Give back exactly the line containing "Camiseta unisex de" and all that follow it in the data below, with the pictures left out.
Segment Start: DATA UNDER STUDY
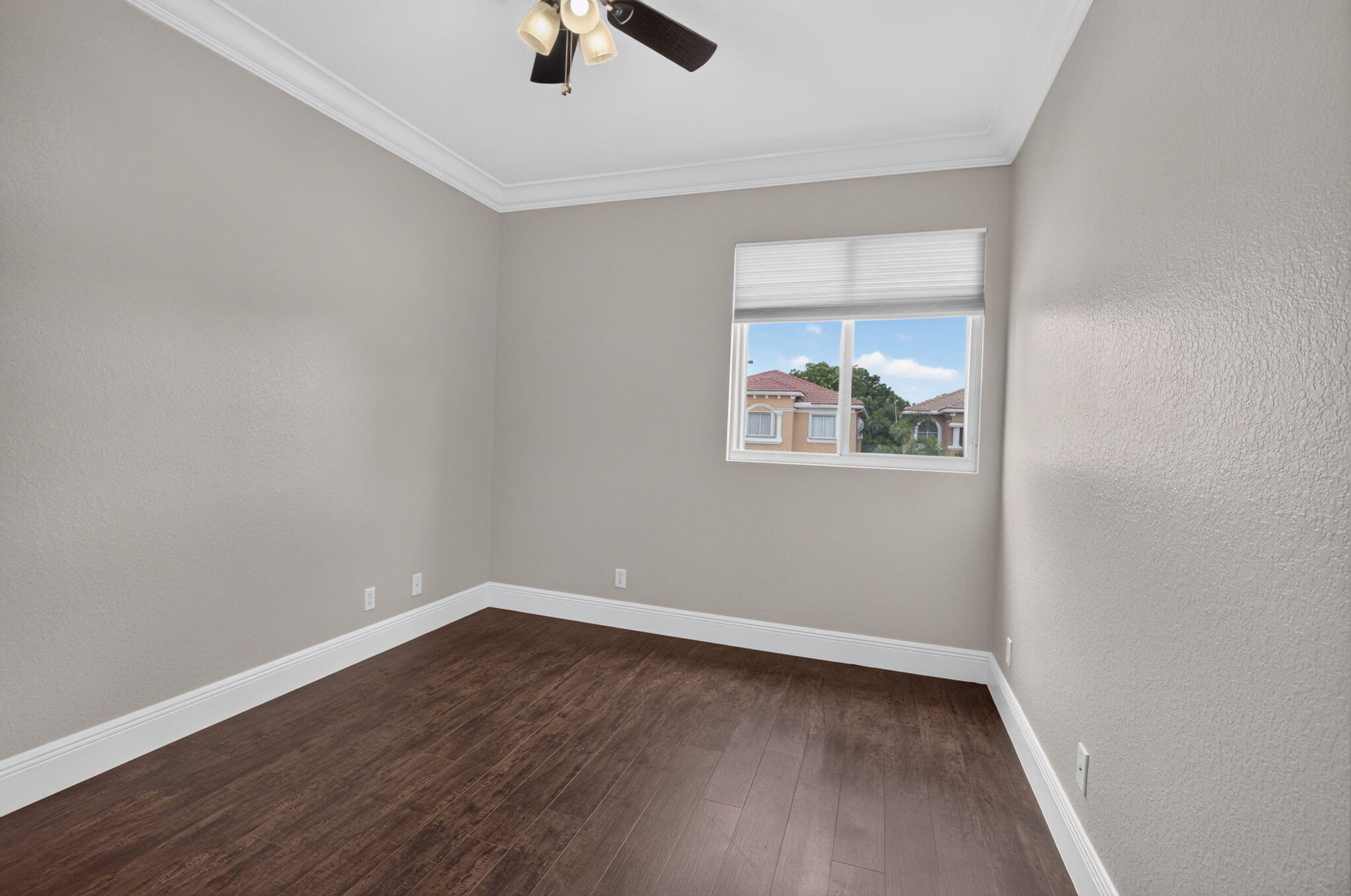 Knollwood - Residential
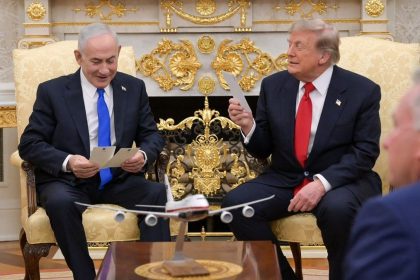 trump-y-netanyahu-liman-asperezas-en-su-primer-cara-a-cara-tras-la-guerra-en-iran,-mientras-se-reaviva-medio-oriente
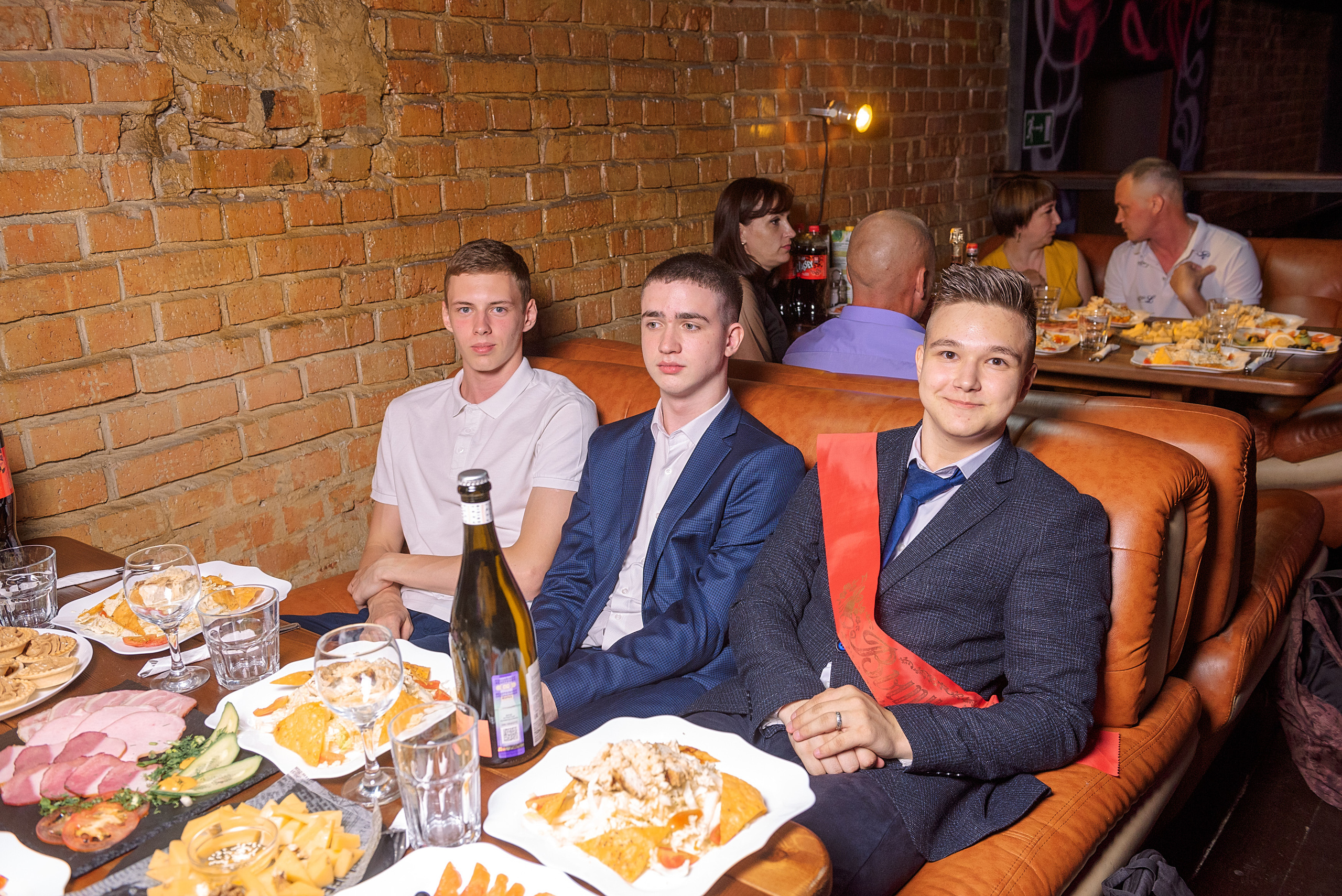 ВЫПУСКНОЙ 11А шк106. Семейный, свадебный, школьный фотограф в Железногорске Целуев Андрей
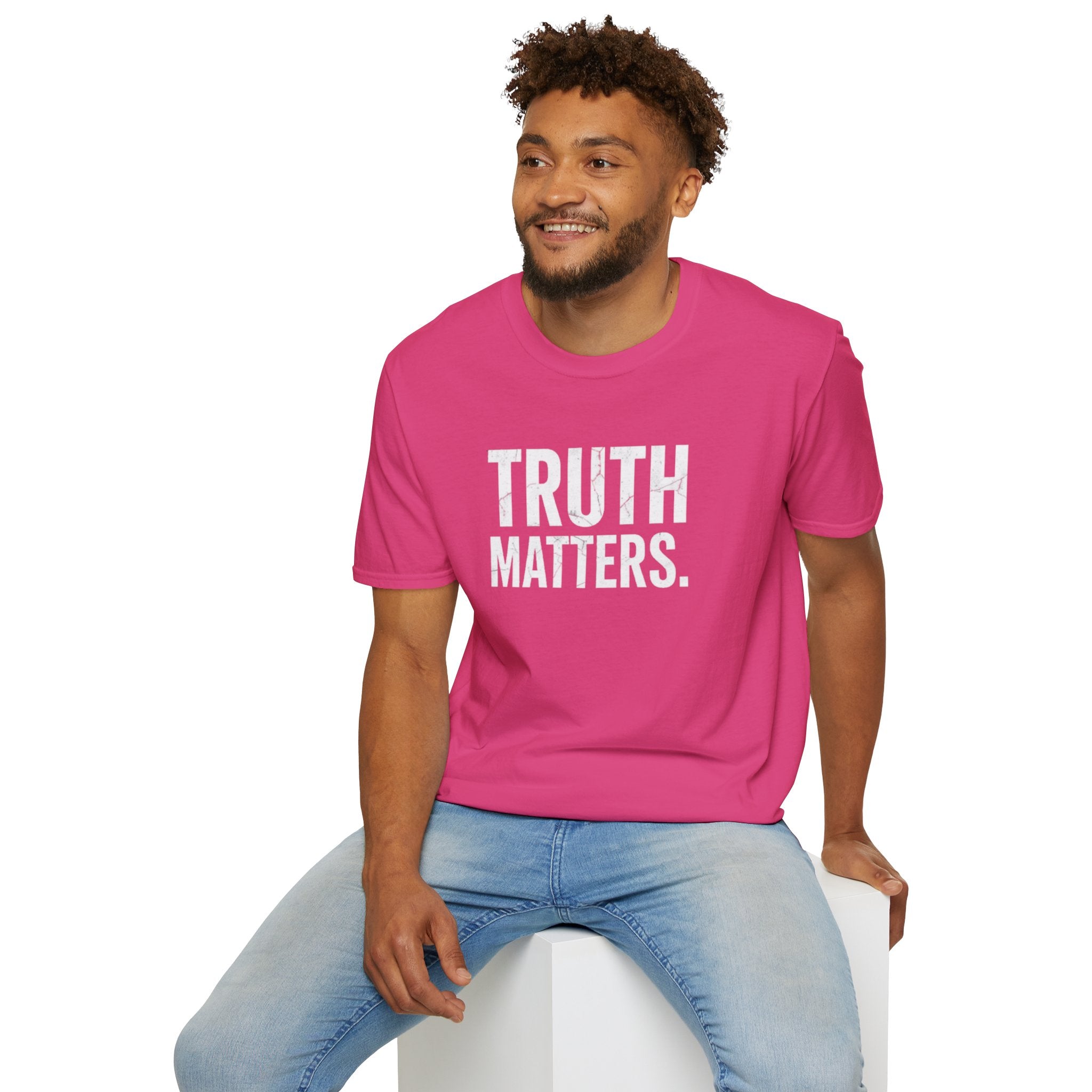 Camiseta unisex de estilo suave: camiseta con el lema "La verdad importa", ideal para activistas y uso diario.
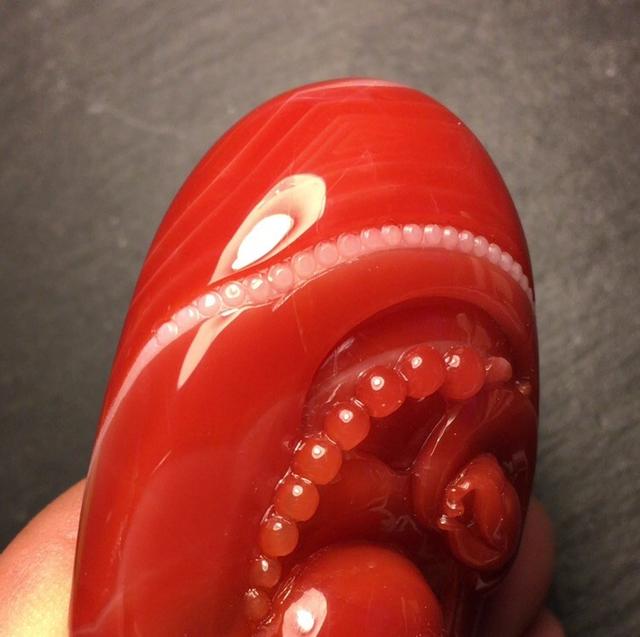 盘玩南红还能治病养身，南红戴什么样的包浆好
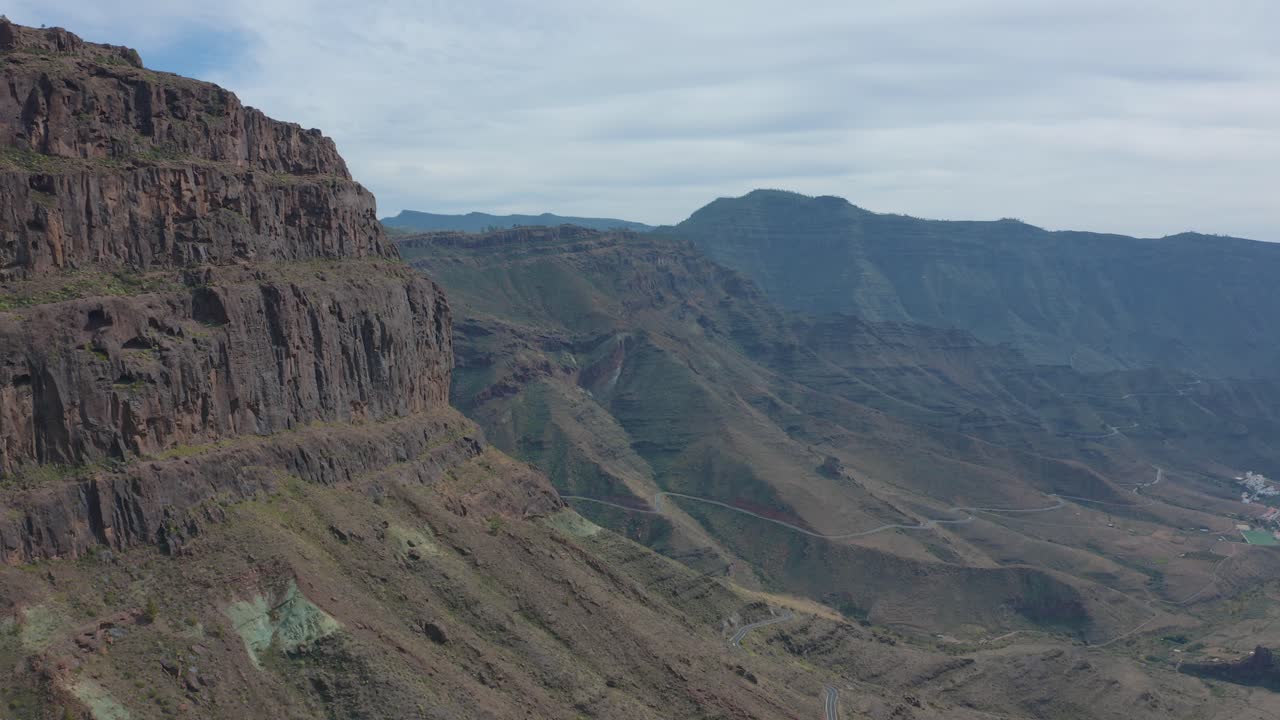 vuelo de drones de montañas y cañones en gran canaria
Segment End: DATA UNDER STUDY
RESPONSE AREA:
 Camiseta unisex de estilo suave: camiseta con el lema "La verdad importa", ideal para activistas y uso diario.
 盘玩南红还能治病养身，南红戴什么样的包浆好
 vuelo de drones de montañas y cañones en gran canaria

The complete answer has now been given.